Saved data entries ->
•••••

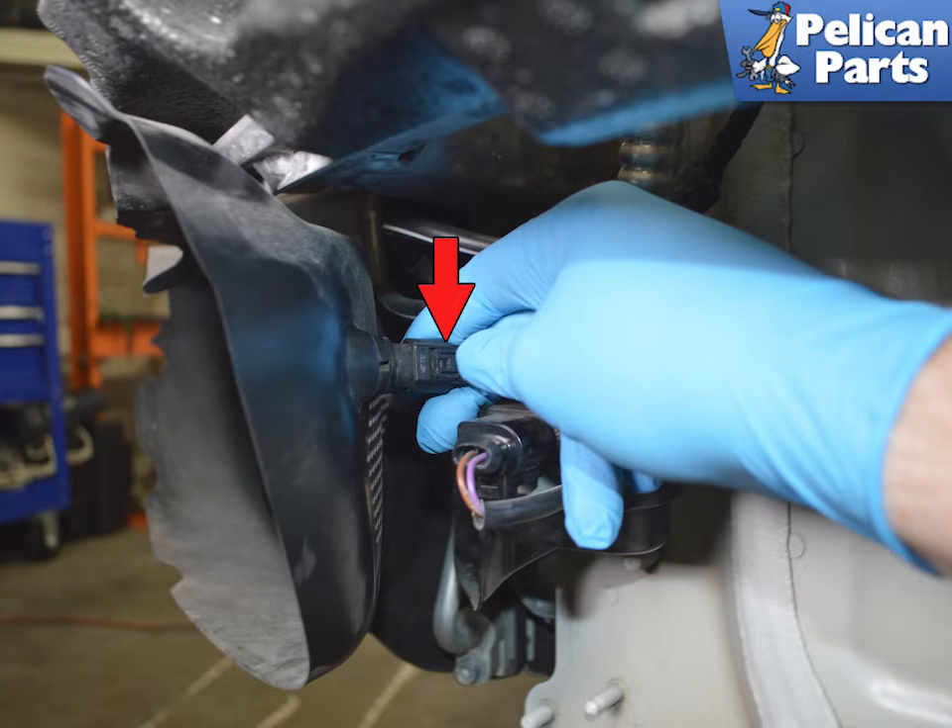The electrical connection (red arrow) is a simple pinch-and-pull connector attached directly to the ambient air sensor. Inspect the wires for any damage and clean off any dirt that could foul the connection.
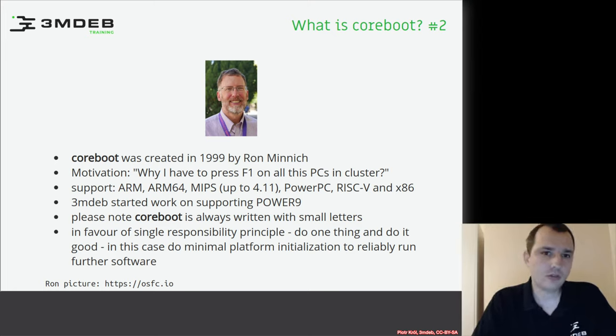Coreboot currently supports around 300 boards from more than 70 vendors, so you can simply build, flash, and boot Coreboot on those platforms — and hopefully more platforms will be added. Coreboot has a different target than Uboot: it is focused more on servers and desktops, and sometimes embedded systems, though that is not the main goal. Uboot is more mature in the small ARM embedded environment, and the differences between various open source firmware projects will be explained further in this presentation.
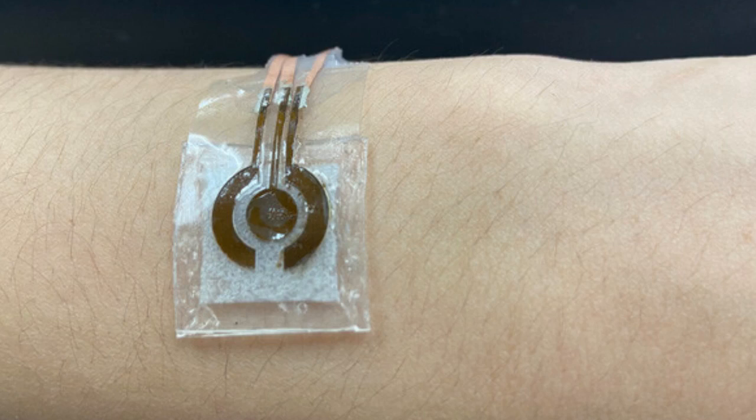There is a strong correlation between glucose levels in sweat and blood. While the concentration of glucose in sweat is about 100 times less than the concentration in blood, the team's device is sensitive enough to accurately measure the glucose in sweat and reflect the concentration in blood.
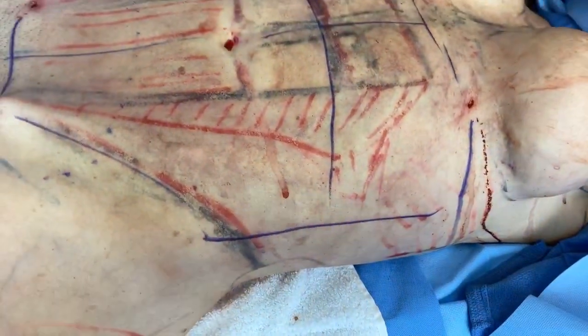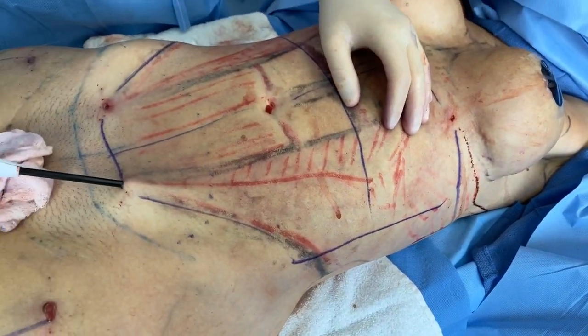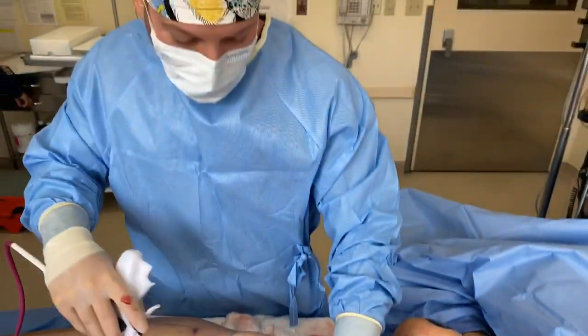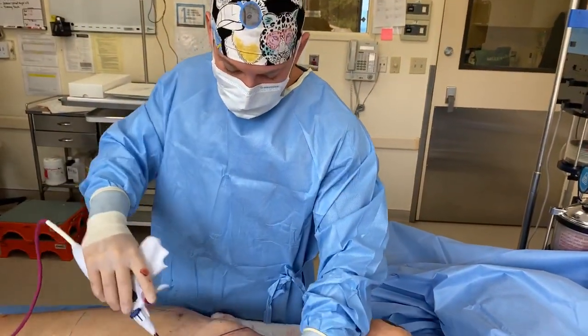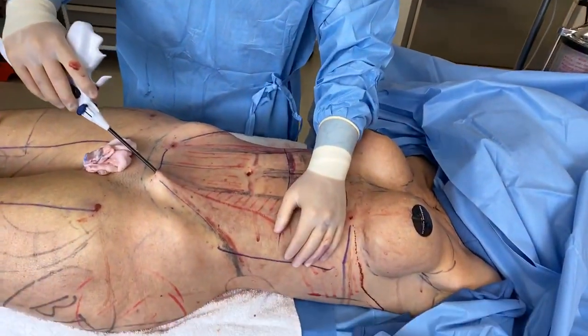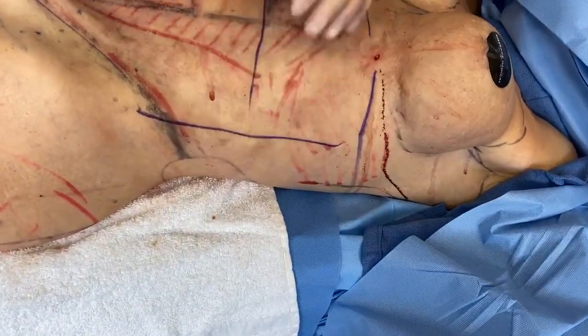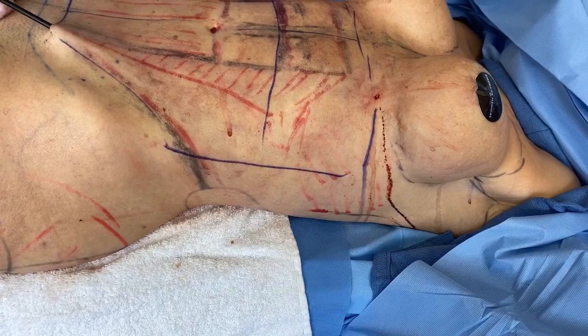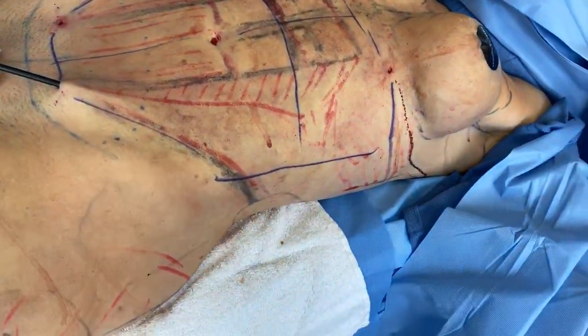Viewer asks: 'Is this the same device you were using for the neck?' Yes — the one we posted a few weeks ago, we also used on the neck in a smaller version. This is the body version. We're going to be doing one later today for the neck as well, but that's a different machine, a different device, a different company.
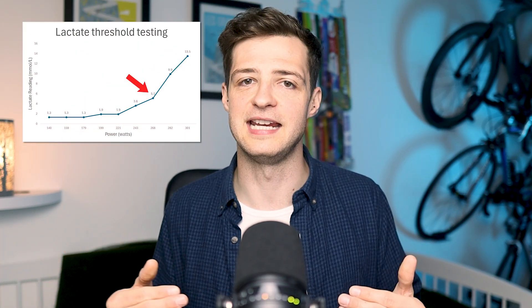The second lactate threshold is the area on the chart where afterwards your lactate starts to accumulate quicker than you can clear it, and you start to fatigue too quickly and have to slow down. A quick side note: lactate isn't the bad guy and doesn't actually produce those painful muscles — that's probably due to an excess of hydrogen ions or protons. But lactate is something you can measure that is indicative of how hard you're working.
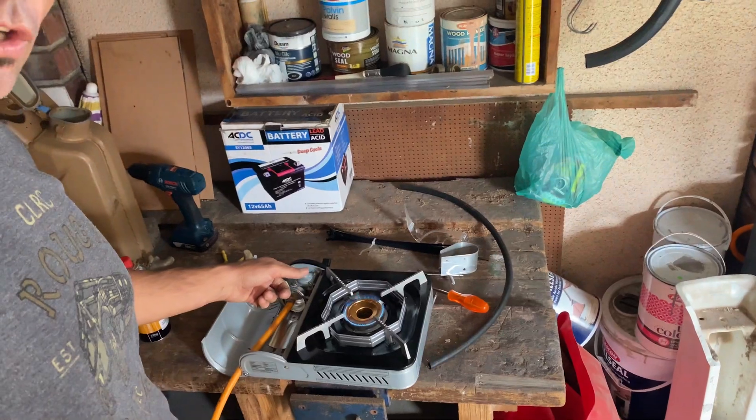How's that for a bit of a bush hack! The one frustration is it doesn't push a lot of gas through, because the nozzle on the inside of the fitting is quite small, so it gets bottlenecked. But it's enough to get through — that's the one thing I need to figure out, but it's doing the job.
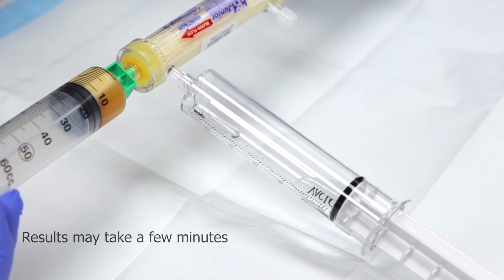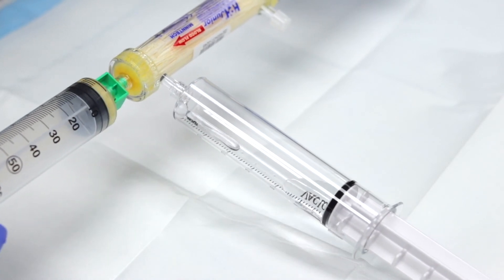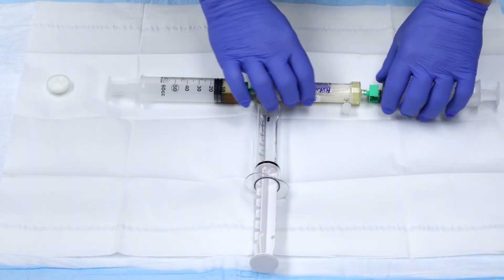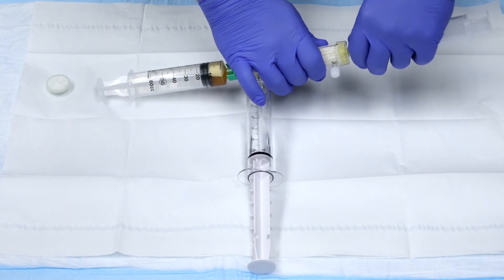You should see water dispensing into the VacLock syringe as it dehydrates. When completed, disconnect the empty 60ml syringe and the VacLock syringe.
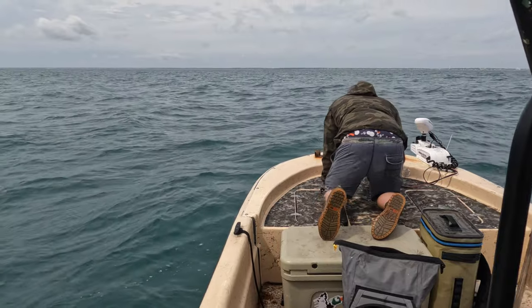Me and Lex were actually heading in, we look up and the birds are working up here, so we're gonna slide up here and see if we can see what they're diving on. Big mass of something, 20 feet under the boat.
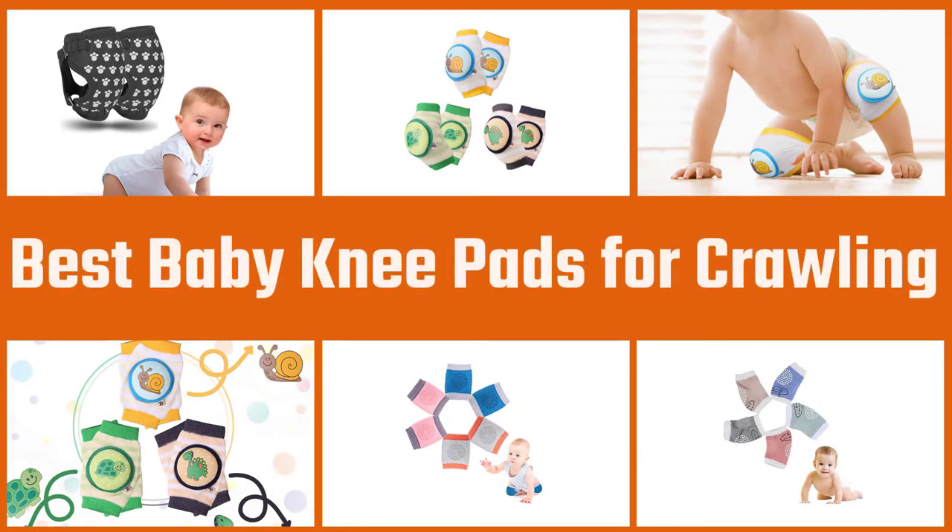We have put together a video of the 5 best knee pads for crawling on the market, so let's get started with the video to find the best one for you.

•••••

Task item -> With all pictures removed, reproduce the lines from the top of the entries above through the line containing "There is a strong", exactly as written.

Solution to this problem ->
The electrical connection (red arrow) is a simple pinch-and-pull connector attached directly to the ambient air sensor. Inspect the wires for any damage and clean off any dirt that could foul the connection.
Coreboot currently supports around 300 boards from more than 70 vendors, so you can simply build, flash, and boot Coreboot on those platforms — and hopefully more platforms will be added. Coreboot has a different target than Uboot: it is focused more on servers and desktops, and sometimes embedded systems, though that is not the main goal. Uboot is more mature in the small ARM embedded environment, and the differences between various open source firmware projects will be explained further in this presentation.
There is a strong correlation between glucose levels in sweat and blood. While the concentration of glucose in sweat is about 100 times less than the concentration in blood, the team's device is sensitive enough to accurately measure the glucose in sweat and reflect the concentration in blood.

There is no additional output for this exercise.